Despite messages of support from B.C.’s health minister, the Hospital Employees’ Union and over 1,600 people, the Canada Border Services Agency has refused to defer their removal until the application can be processed, the family said.
Zamorano has been working as a health worker at Royal Columbian Hospital for over two years, Leticia has been volunteering in Vancouver’s Downtown Eastside and Isaias and Andres have been working as carpenters.
“We have our life here,” said Zamorano. “We’ve met friends and they have become family.”
The family is being supported by Sanctuary Health, a grassroots community group that advocates for immigrants in the community, as well as Watari Counselling and Support Services Society.

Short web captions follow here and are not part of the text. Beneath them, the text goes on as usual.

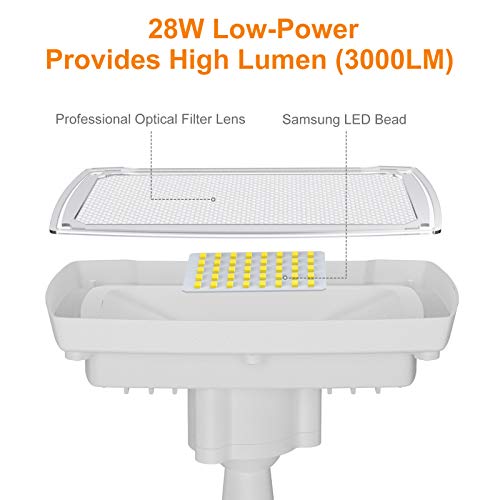 Lepower 3000Lm Dusk To Dawn Led Security Light, 28W Flood Lights Outdoor With Photocell, 5500K White Light, Ip65 Waterproof, 2 Adjustable Heads Exterior Outdoor Security Light For Garage, Backyard #TOP3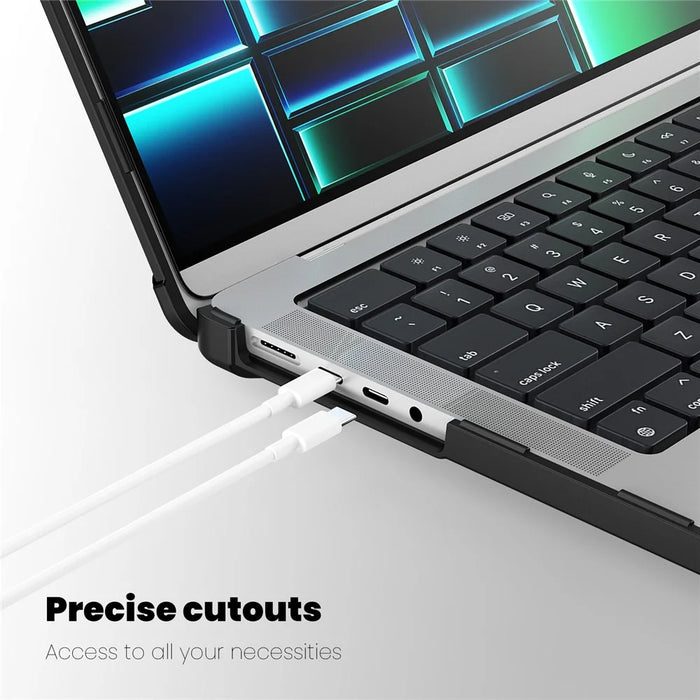 For MacBook Pro 16 inch (2026) A3429 A3428 / (2025) A3186 A3403 / (2024) A2991 / (2023) A2780 / (2021) A2485 Anti-Slip Laptop Case Heat Dissipation PC+TPU Kickstand Cover - Black - 6
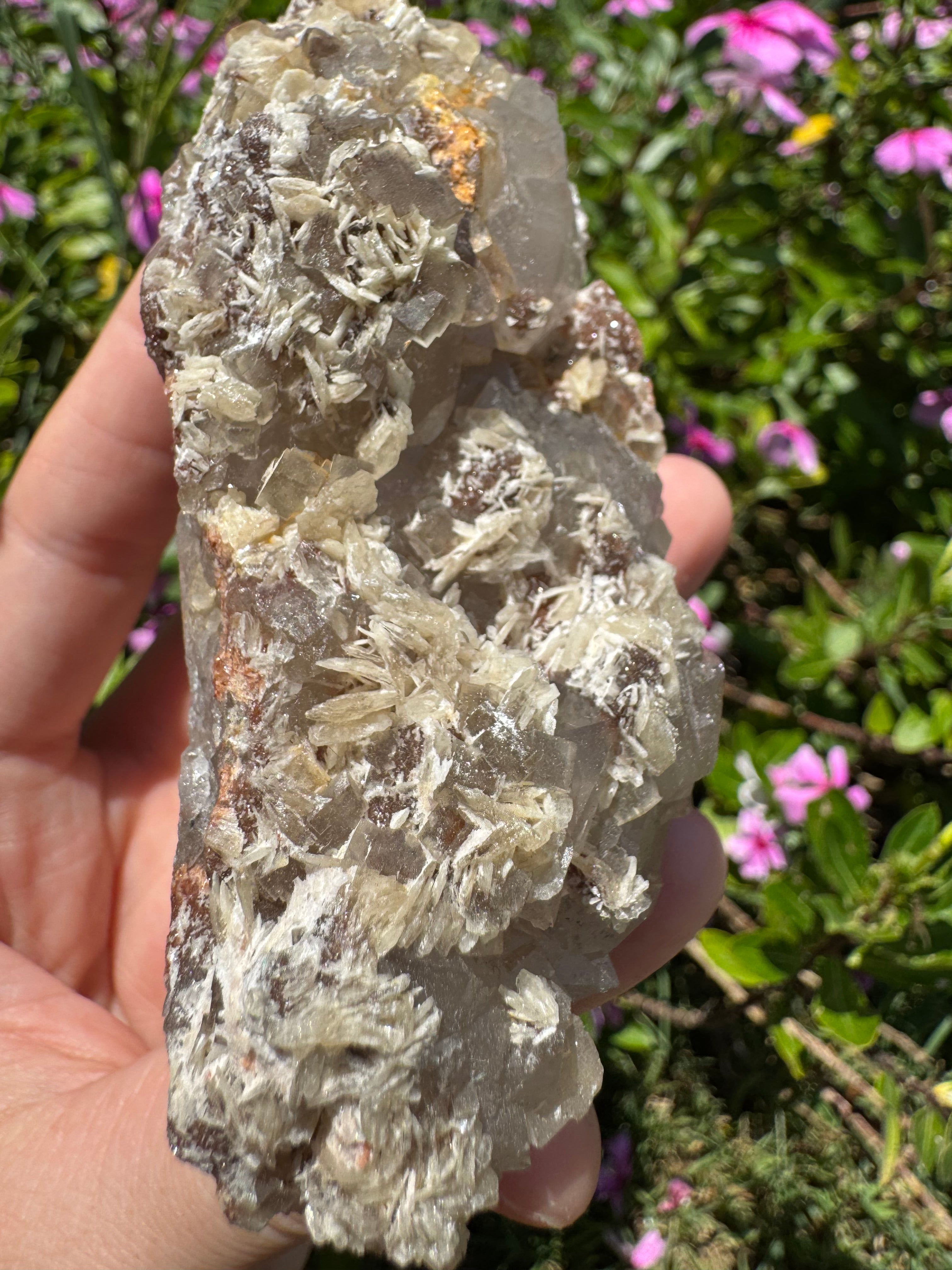 Fluorite And Barite on Quartz Specimen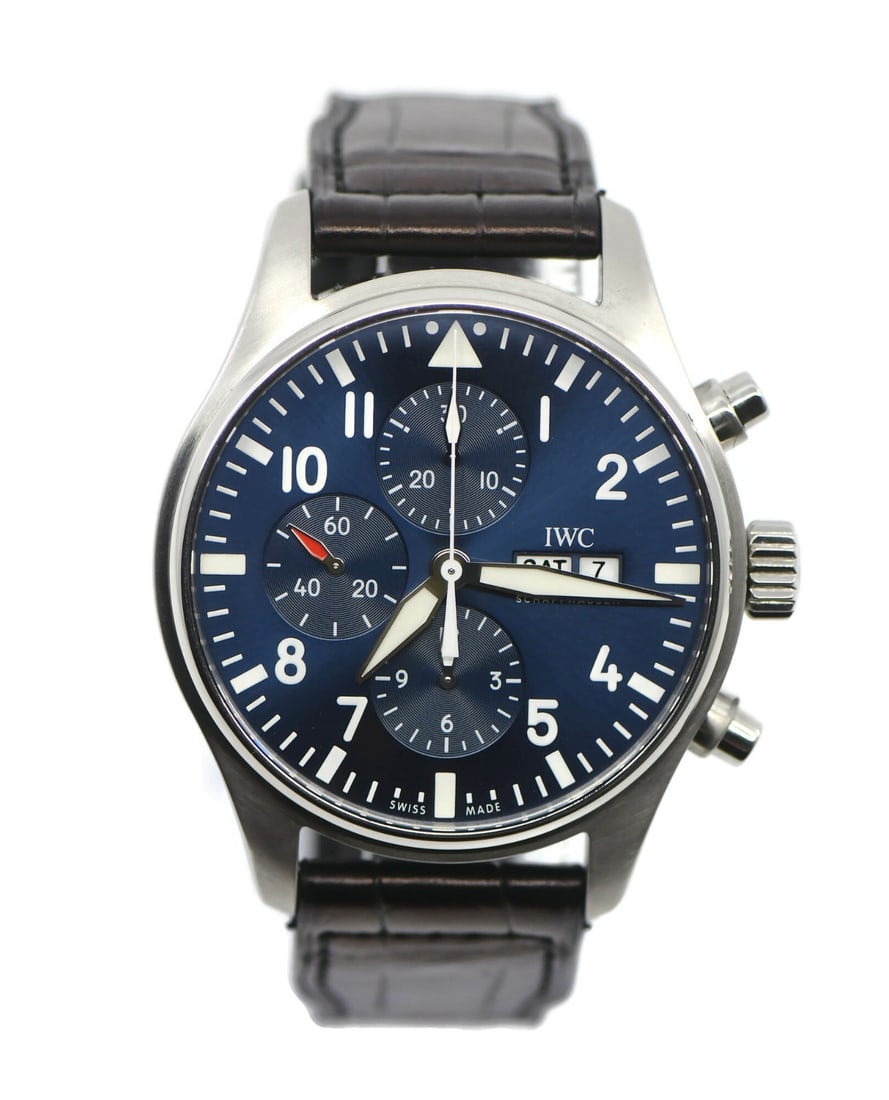 Men's IWC Pilot IW377714 Chronograph Blue Dial Stainless Steel 43mm Automatic Watch (1 of 6)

“The family’s lawyer provided a 945-page request to the Canada Border Services Agency asking that their removal be deferred until a decision on their application for permanent residence could be made,” Sanctuary Health staff said in a release.
“This would allow the family to continue their life in Canada while they wait for this decision. The CBSA refused the request in less than 24 hours. Meanwhile, the family has been waiting for a decision on their application for permanent residence for over a year.”
“Canada should uphold their reputation of being welcoming to refugees and migrants and keep Lety and her family here,” said Ingrid Mendez, executive director of Watari Counselling & Support Services Society.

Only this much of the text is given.